**Dataset content**
⟨

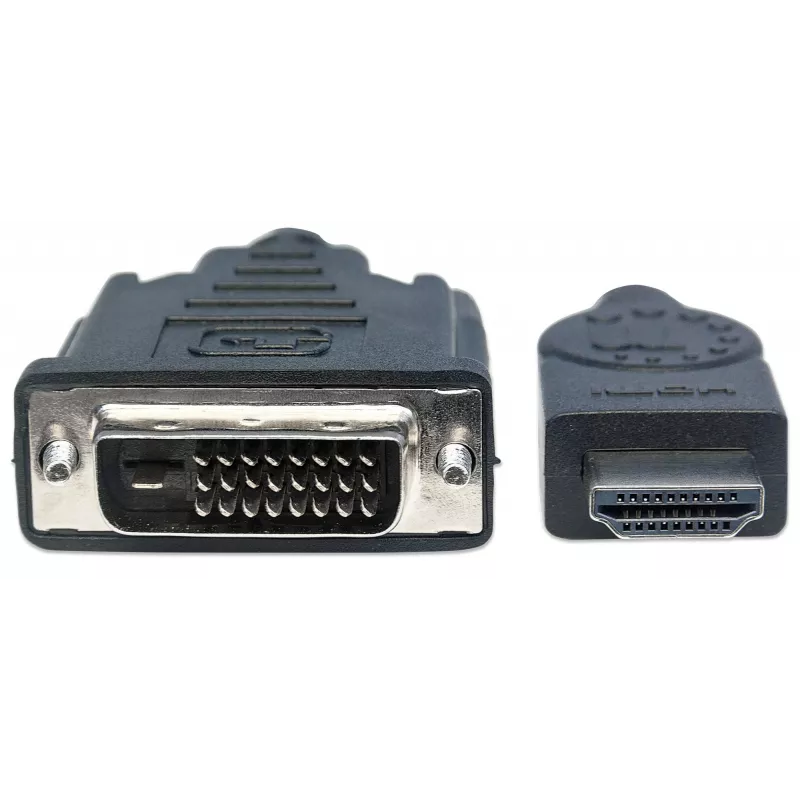 Manhattan HDMI-DVI-D 24+1 kaabel, 3 m, isane-isanele, must, kahe kanaliga, ühildub DVD-D-ga, eluaegne garantii, võrdväärne HDDVIMM3M-ga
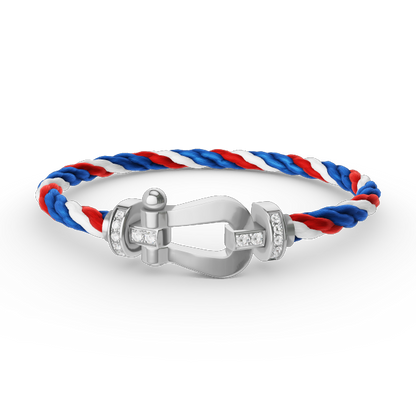 ¡®Aura Jewels¡¯FORCE LARGE HORSESHOE HALF DIAMOND BRACELET SILVER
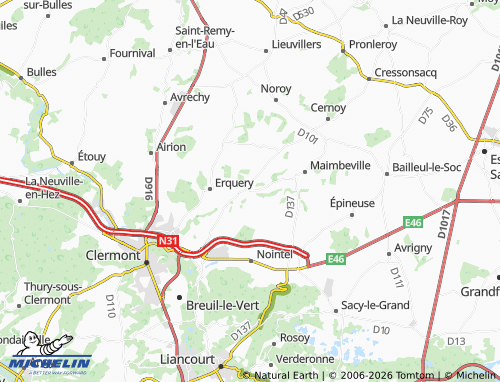 Mappa MICHELIN Saint-Aubin-sous-Erquery - ViaMichelin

⟩

**What is expected**
Quote all the lines above exactly as given. Do not include the pictures.

**Exercise output**
 Manhattan HDMI-DVI-D 24+1 kaabel, 3 m, isane-isanele, must, kahe kanaliga, ühildub DVD-D-ga, eluaegne garantii, võrdväärne HDDVIMM3M-ga
 ¡®Aura Jewels¡¯FORCE LARGE HORSESHOE HALF DIAMOND BRACELET SILVER
 Mappa MICHELIN Saint-Aubin-sous-Erquery - ViaMichelin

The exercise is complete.